'You only get one chance to make a first impression' on Freek's story is made by Wefilm. We interviewed producer Bas Welling and director Jona Honer about the making of.

Why did you think it was important to make the movie?

Bas Welling (executive producer Wefilm): "When Mijn Kind Online came to us with Freek's story it shocked us. You directly feel the emotion he must have felt when his identity was misused. The main goal of our movie was to make the audience feel that emotion as well. When we first started we were focusing on a true reconstruction of what happened to Freek, however that way we feel it's hard to really touch people. That's why we chose to do it another way. In our film Freek reads the online texts to his future peers, to make it as real as possible to them.

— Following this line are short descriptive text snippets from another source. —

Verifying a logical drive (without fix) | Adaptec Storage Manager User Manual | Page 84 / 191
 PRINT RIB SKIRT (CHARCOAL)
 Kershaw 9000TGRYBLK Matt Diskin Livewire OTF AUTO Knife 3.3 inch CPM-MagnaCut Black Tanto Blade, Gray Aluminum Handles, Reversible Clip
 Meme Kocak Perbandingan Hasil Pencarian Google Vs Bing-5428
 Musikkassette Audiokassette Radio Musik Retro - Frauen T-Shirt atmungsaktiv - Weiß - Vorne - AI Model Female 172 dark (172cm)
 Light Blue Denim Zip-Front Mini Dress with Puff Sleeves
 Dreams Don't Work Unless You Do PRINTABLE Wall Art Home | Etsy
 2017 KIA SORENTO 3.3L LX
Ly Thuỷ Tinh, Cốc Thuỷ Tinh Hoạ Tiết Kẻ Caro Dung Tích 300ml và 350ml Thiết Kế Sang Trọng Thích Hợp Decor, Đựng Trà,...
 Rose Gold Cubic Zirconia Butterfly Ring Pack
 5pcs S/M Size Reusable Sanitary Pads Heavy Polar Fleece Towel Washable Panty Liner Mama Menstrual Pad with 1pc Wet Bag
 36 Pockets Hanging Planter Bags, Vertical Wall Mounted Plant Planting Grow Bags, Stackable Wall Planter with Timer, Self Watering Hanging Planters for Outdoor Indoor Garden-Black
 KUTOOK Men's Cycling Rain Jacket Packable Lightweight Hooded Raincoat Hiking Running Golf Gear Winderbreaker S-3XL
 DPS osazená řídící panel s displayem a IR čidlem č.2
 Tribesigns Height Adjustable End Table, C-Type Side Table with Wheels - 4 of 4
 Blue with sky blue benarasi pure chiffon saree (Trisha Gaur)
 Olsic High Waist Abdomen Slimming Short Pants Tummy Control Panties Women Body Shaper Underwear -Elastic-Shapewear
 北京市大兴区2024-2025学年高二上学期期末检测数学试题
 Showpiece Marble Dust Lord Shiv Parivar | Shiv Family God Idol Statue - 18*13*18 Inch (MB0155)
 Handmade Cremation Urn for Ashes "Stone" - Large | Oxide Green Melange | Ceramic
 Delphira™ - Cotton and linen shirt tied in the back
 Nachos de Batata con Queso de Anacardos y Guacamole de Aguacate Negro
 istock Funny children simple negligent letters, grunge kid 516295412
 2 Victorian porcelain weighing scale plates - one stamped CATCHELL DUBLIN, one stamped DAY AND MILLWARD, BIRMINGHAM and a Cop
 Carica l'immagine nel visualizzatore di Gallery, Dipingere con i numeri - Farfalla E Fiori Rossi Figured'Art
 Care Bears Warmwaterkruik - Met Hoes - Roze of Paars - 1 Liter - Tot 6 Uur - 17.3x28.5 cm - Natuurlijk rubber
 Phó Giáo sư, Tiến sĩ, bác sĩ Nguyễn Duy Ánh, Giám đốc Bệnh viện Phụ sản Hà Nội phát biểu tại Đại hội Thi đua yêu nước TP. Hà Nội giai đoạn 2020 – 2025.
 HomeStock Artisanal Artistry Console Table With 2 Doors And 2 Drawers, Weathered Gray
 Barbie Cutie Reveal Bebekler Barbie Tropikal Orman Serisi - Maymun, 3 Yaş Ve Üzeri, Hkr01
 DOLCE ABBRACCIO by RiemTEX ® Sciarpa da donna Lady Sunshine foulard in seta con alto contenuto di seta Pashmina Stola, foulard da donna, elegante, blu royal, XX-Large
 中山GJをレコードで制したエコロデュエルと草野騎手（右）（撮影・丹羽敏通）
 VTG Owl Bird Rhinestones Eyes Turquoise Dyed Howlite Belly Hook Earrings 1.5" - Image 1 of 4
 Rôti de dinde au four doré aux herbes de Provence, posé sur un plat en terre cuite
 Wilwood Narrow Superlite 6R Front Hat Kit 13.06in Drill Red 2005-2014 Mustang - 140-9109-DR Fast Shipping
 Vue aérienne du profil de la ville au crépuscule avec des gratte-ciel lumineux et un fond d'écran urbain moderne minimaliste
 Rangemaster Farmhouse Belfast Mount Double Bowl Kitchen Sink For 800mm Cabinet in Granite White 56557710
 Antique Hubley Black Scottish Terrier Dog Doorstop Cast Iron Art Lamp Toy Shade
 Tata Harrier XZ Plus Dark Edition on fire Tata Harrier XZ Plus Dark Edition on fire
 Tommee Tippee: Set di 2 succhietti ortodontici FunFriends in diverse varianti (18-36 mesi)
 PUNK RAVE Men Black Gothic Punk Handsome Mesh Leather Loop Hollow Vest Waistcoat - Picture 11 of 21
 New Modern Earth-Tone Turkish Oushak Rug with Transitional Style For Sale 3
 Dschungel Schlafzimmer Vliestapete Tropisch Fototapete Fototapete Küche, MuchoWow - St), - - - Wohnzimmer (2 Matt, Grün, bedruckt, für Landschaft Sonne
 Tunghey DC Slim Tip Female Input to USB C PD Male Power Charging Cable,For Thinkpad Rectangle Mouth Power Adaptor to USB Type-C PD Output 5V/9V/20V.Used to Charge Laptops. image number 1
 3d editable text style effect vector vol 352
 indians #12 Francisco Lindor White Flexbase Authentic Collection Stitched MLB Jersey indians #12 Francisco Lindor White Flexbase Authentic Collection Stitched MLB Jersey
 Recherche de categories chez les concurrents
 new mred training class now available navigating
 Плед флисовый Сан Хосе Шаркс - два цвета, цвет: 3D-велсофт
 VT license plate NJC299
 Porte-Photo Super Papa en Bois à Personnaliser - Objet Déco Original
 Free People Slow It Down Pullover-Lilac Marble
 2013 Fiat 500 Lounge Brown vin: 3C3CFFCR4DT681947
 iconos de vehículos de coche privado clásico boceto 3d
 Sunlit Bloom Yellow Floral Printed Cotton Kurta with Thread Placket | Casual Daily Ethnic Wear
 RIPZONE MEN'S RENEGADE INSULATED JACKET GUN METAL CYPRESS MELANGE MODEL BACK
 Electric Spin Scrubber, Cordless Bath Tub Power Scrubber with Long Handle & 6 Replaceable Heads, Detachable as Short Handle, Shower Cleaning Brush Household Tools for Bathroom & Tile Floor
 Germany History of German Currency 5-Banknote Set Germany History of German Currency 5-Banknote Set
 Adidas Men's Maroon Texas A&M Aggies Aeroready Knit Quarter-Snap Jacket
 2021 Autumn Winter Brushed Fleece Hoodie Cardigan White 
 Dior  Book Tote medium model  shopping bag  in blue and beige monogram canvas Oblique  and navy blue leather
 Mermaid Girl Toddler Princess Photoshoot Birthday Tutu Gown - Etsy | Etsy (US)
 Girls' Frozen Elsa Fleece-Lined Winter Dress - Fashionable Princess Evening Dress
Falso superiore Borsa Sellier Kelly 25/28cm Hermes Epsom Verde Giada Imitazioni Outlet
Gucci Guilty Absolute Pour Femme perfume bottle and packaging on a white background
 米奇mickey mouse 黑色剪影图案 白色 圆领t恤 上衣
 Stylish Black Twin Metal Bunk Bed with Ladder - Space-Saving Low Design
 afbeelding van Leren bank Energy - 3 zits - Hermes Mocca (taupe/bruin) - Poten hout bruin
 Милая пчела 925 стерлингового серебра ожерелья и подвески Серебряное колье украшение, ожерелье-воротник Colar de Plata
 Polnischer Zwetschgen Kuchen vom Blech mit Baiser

What kind of company is Wefilm?

Welling: "At Wefilm we make films that are so special that they're worth watching and sharing. We try to put as much emotion as possible in a film, to send a very clear message. That way it creates commotion and really appeals to people. Previously we produced a series about Max the hacker, watched over 31 million times on YouTube. We also created the acclaimed DELA champagne, in which people speech publicly to each other (together with Ogilvy & Mather). For Heineken dropped we traveled the world (together with W+K Amsterdam) and recently we created a Hackers' Tutorial for Digibewust, in which a hacker shows how to become rich within a week. Our films are diverse, but the common factor is they all caused emotional impact on the viewers. We tried to do the same thing for Mijn Kind Online, and it's nice to know our film helped to get the media involved and talk about the subject."

Where did you get the idea for this film?

Jona Honer (director Wefilm): "The principle of this concept was to reflect the core of the problem in a simple setting and in an emotional manner. Communication through social networks has the alienating effect that you never directly see how the receiving person responds. To make it even more complex: in Freeks' case there are people pretending to be Freek but in reality they only want to mess with him. The receiver doesn't know this and therefore forms a negative opinion about the real Freek as well. To me the most touching part of Freeks' story is that he'll never be able to start with a clean slate. When Freek goes to a new school and his peers search his name on Google, their first impression of Freek will be negative. And everybody knows: you only get one chance to make a first impression."

Can you tell us about the making of the film?

Honer: "The practical part caused some ethical dilemma's, in particular how far you can go concerning thirteen year old children. I therefore composed the text in close consultation with the parents and the actor who plays Freek. As a starting point we used a real case study on a boy that has been bullied online with fake profiles. The children in the film see what they would see if they'd actually searched for Freek online. They all thought Freek was a real person. After filming I explained the construction to them and they all fully supported their participation."